"""
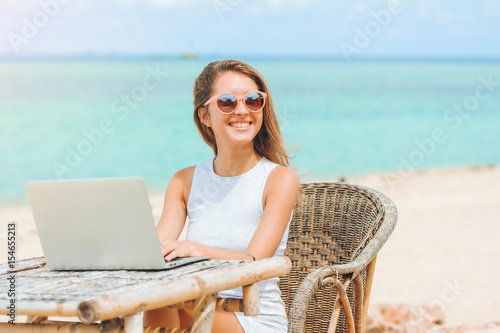 Obraz na płótnie Young sexy woman using laptop on the beach. Freelance work w salonie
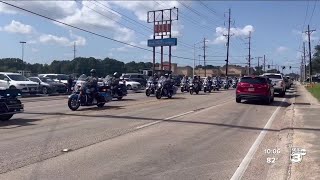 Cars line the streets for funeral procession of Sr. Cpl. Segus Jolivette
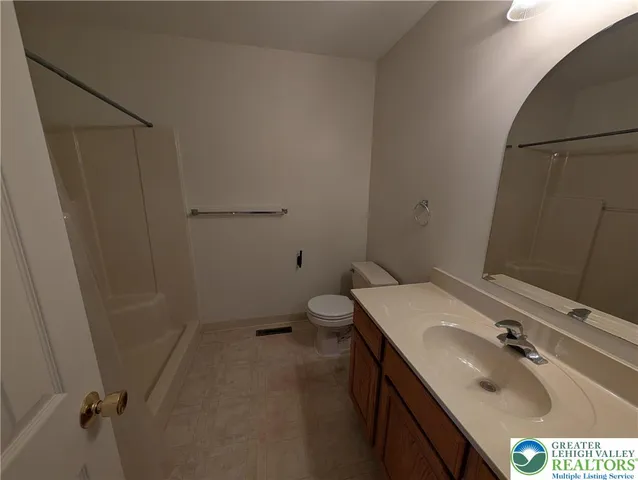 a bathroom with a sink toilet and tub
"""
YOUR GOAL: Return the lines from the one that contains "Cars line the" through the final line of the listing above, inclusive. Transcribe them exactly and drop the pictures.

RESPONSE FOR THIS EXERCISE:
 Cars line the streets for funeral procession of Sr. Cpl. Segus Jolivette
 a bathroom with a sink toilet and tub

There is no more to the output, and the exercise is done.